* Supplied records:
********************
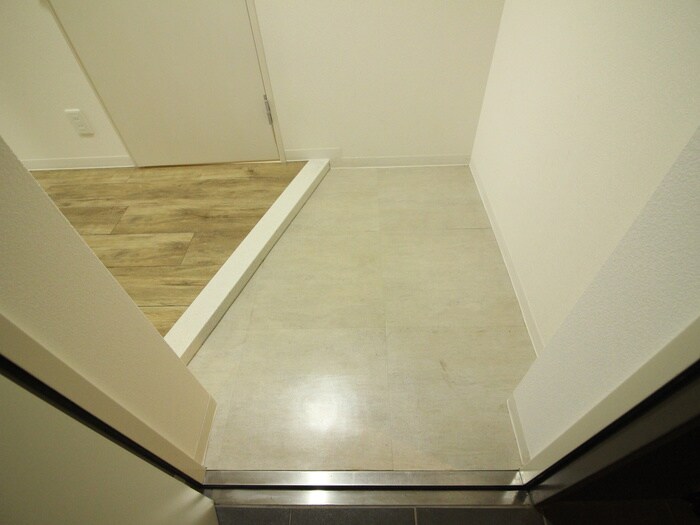 物件内観写真20　(玄関)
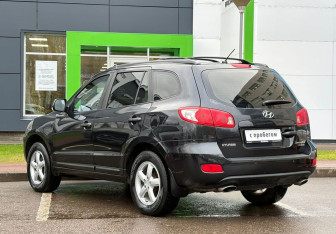 Подержанный автомобиль Hyundai Santa Fe 2009 года (7 фото)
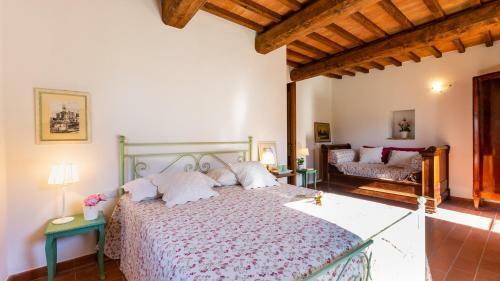 Villa Podere Fornacchia 20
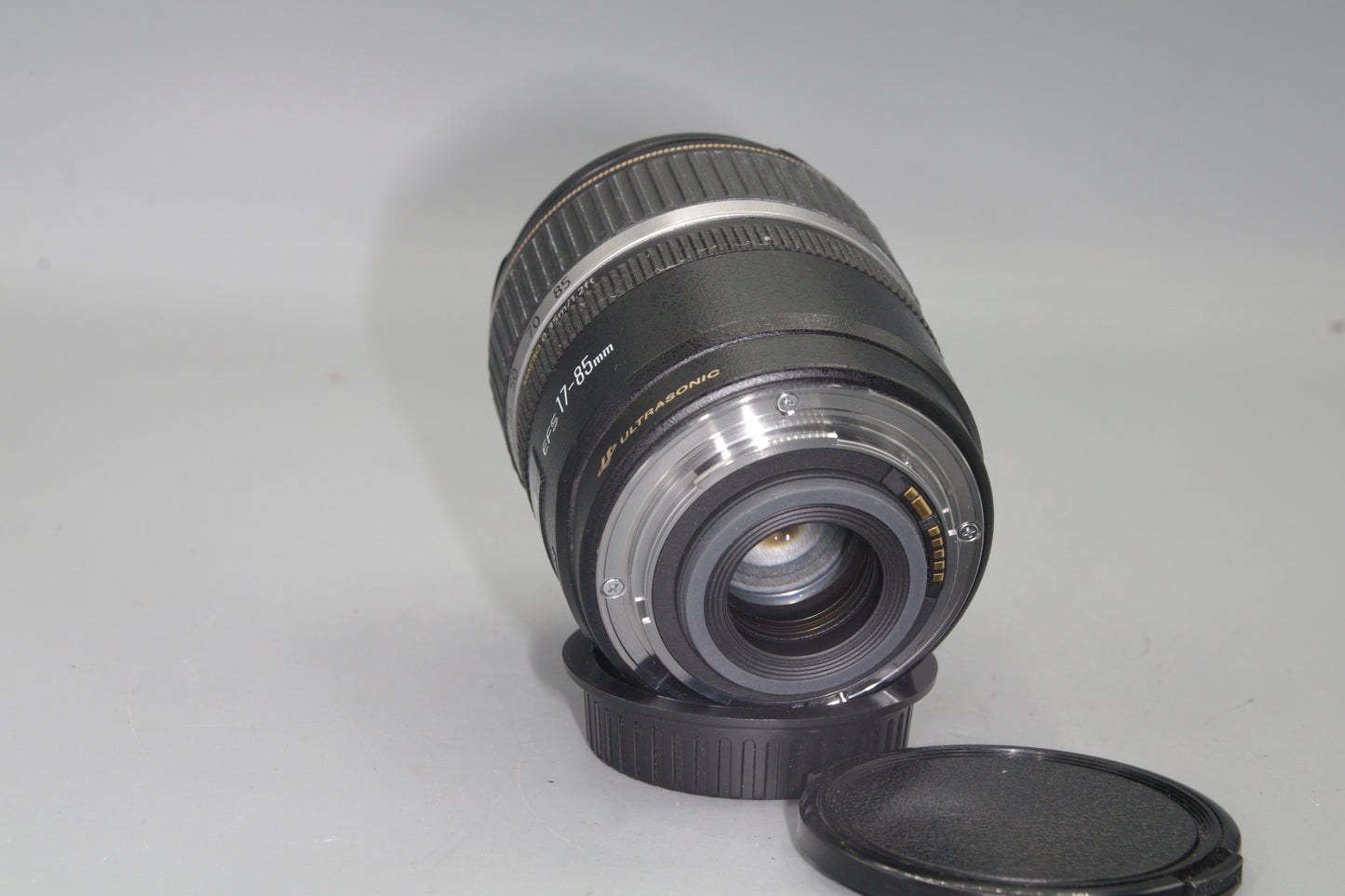 Canon EF-S 17-85mm F/4-5.6 IS USM AF Zoom Lens with Caps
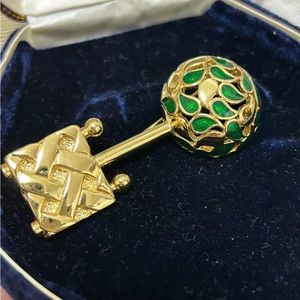 CHRISTIAN DIOR brooch
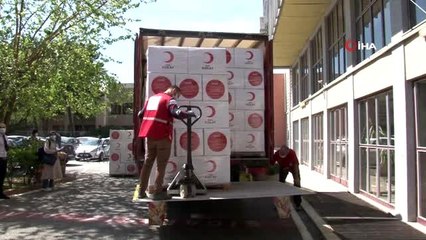 Kızılay'dan İstanbul Üniversitesine medikal malzeme bağışı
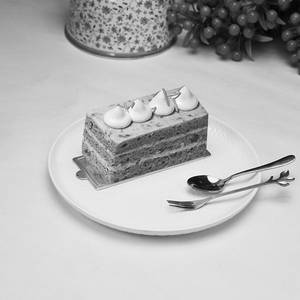 Berry Velvet Pastry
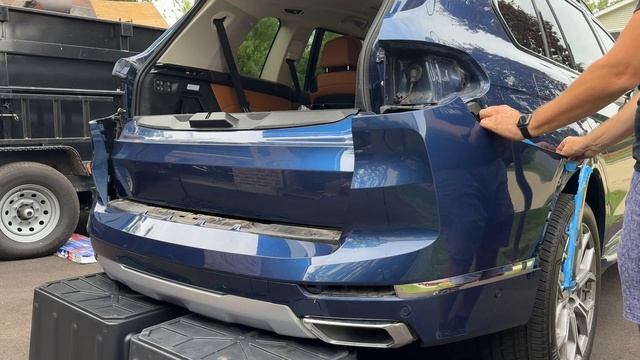 BMW X7 Bumper Removal & Install DIY смотреть онлайн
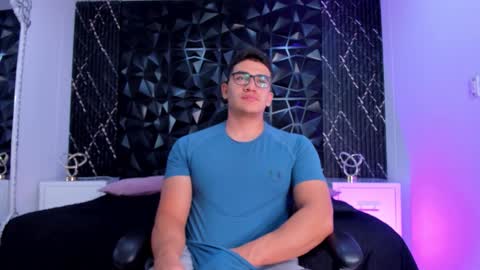 Snapshot of jeffdaltton chatting on November 2025 08:52:01 PM Jeff online show from November 2025 08:52:01 PM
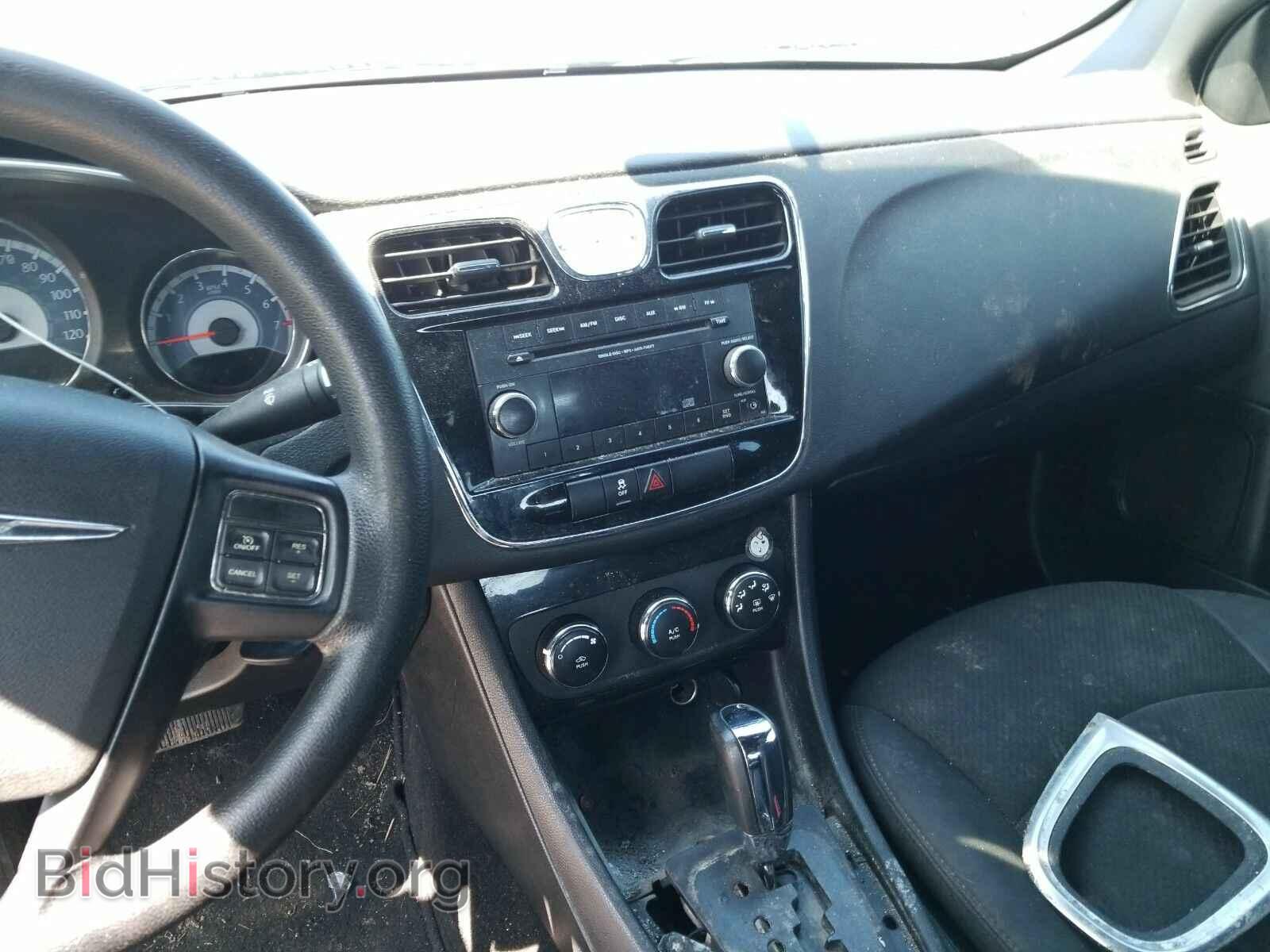 2013 Chrysler 200 - VIN: 1C3CCBAB9DN568731 - Фото 4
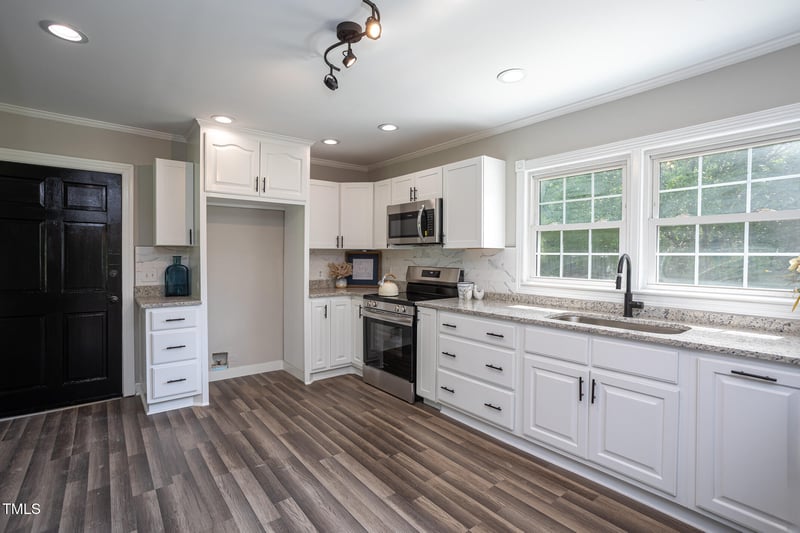 1067 Thompson Rd, Four Oaks, NC 27524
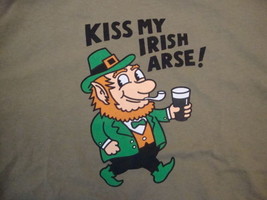 Kiss My Irish Arse Funny Spoof Leprechaun Green Cotton T Shirt Size S - £12.31 GBP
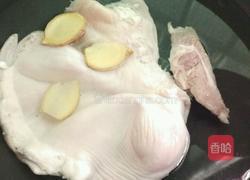 莲子炖猪肚的做法图解4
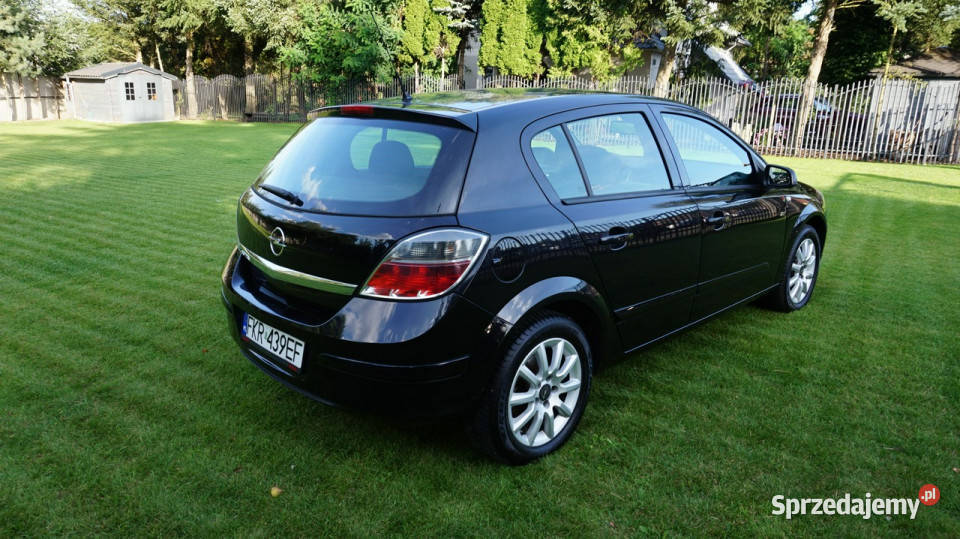 Opel Astra zarejestrowany ubezpieczony Gwarancja Astra Zielona Góra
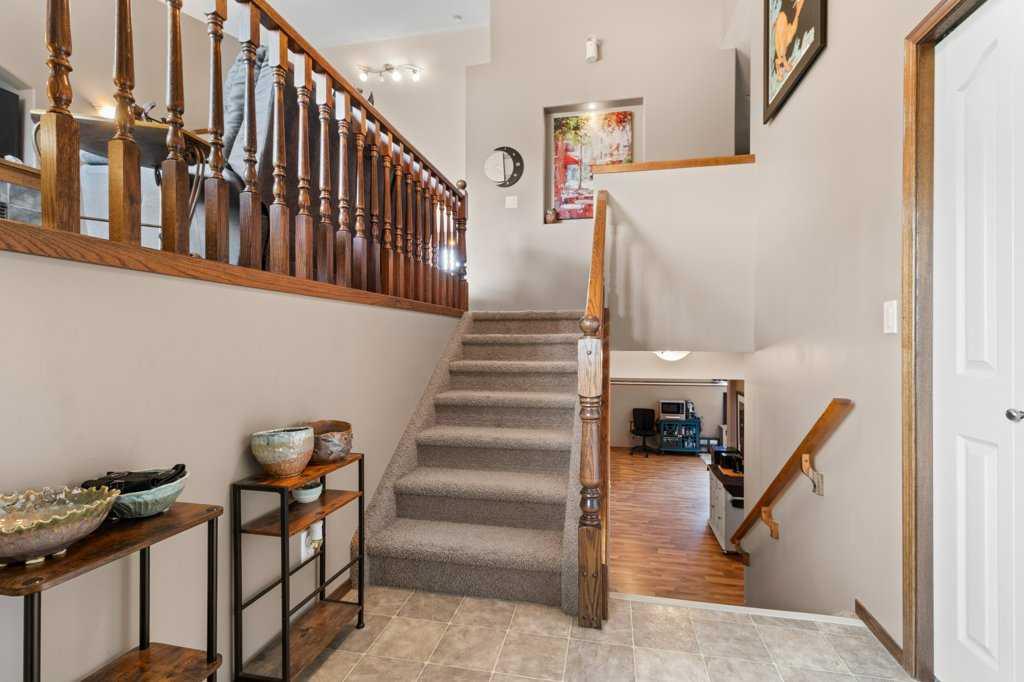 Additional image 4 of 179 Issard Close, Red Deer, AB, T4R 0C2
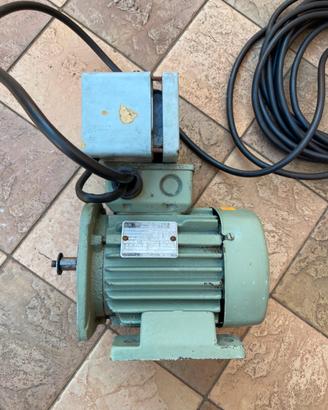 Motore tri/mono fase  asincrono VER KMER  1K2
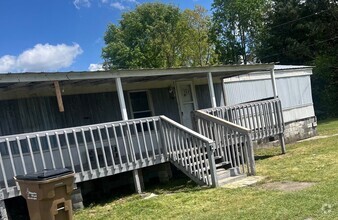 Building Photo - 146 Wildflower Ln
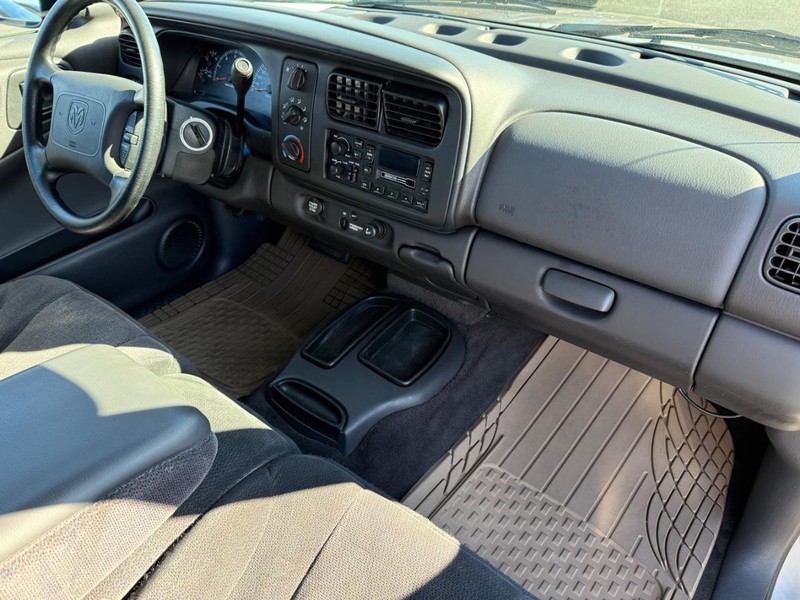 Dodge Dakota Vehicle Image 11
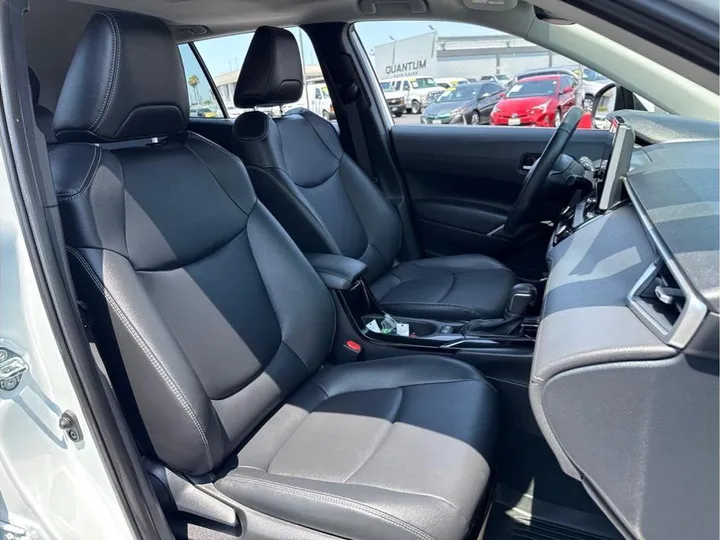 WHITE, 2023 TOYOTA COROLLA CROSS Image 12
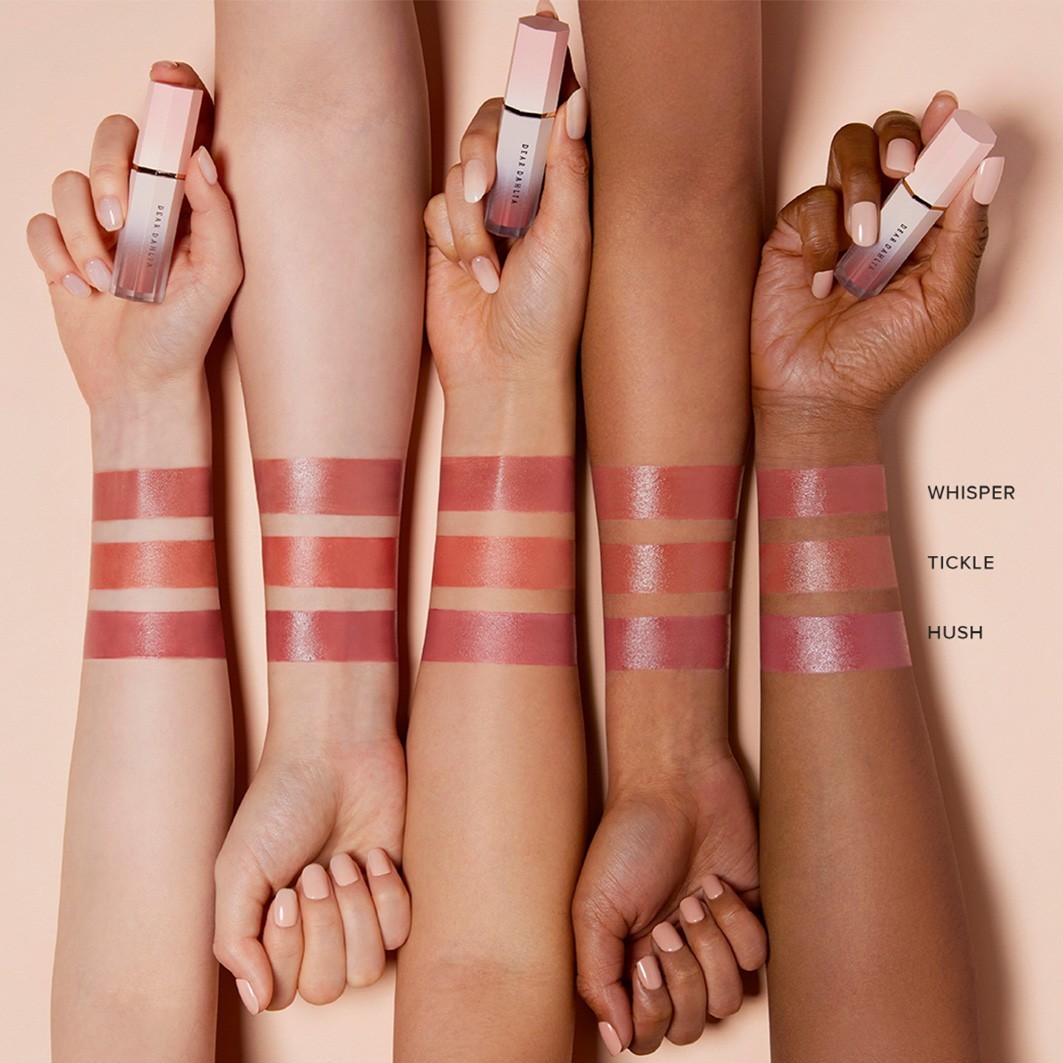 Petal Touch Plumping Lip Velour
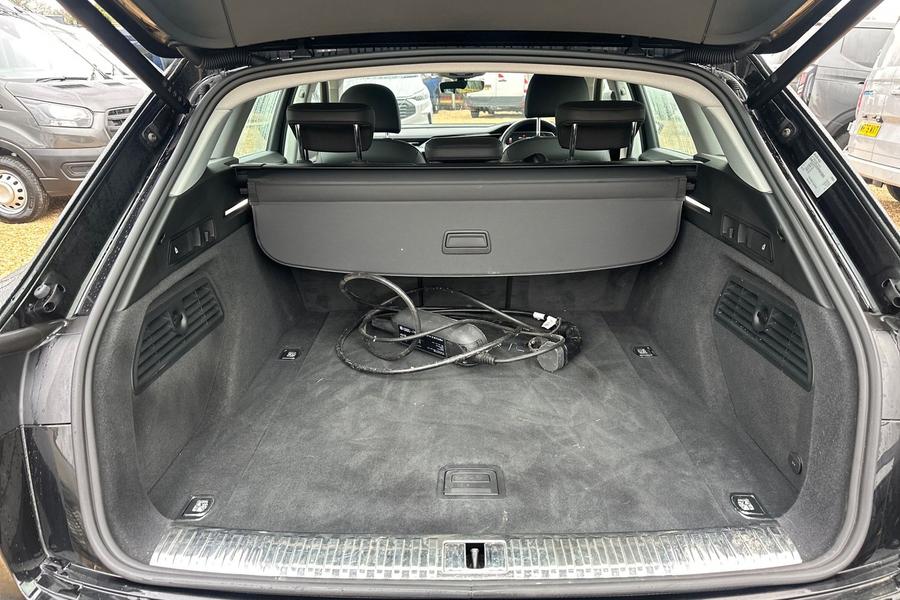 Audi E-TRON Photo autoimg-e87951697720944dda75b210093eba69114d0339.jpg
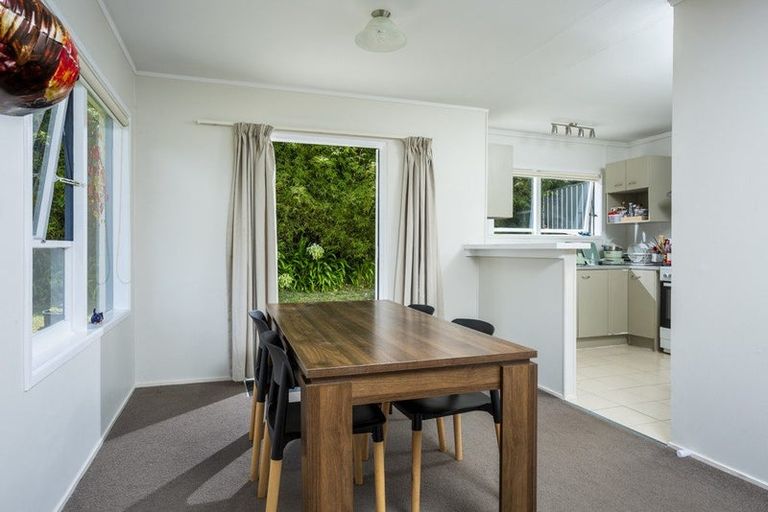 Photo of property in 25 Kenmure Avenue, Forrest Hill, Auckland, 0620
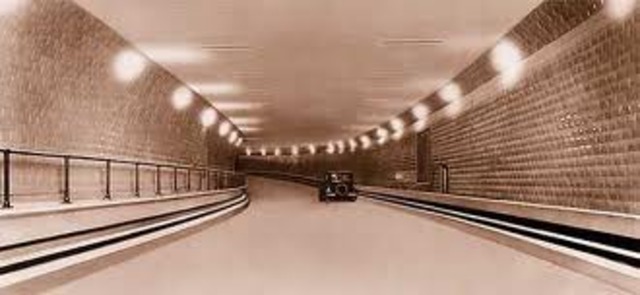 Detroit-Windsor Tunnel Opens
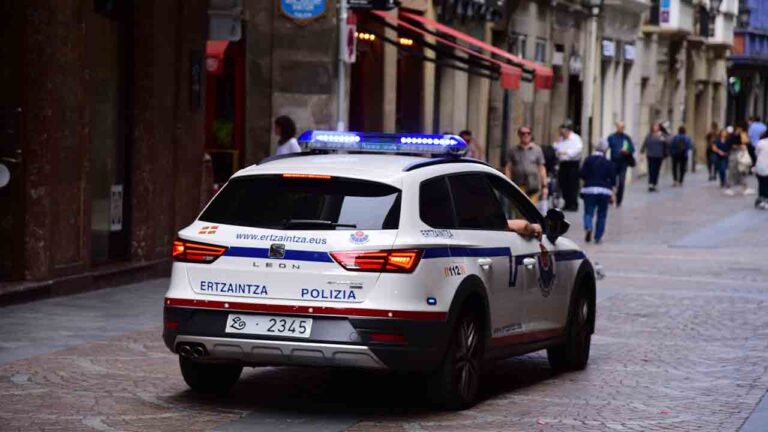 Mata a cuchilladas a una mujer en Bilbao y se entrega a la Ertzaintza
********************
* Task: Copy the lines from the line that contains "Petal Touch Plumping Lip Velour" through the end of the records, exactly and with nothing added; leave the pictures out.

* Answer below:
 Petal Touch Plumping Lip Velour
 Audi E-TRON Photo autoimg-e87951697720944dda75b210093eba69114d0339.jpg
 Photo of property in 25 Kenmure Avenue, Forrest Hill, Auckland, 0620
 Detroit-Windsor Tunnel Opens
 Mata a cuchilladas a una mujer en Bilbao y se entrega a la Ertzaintza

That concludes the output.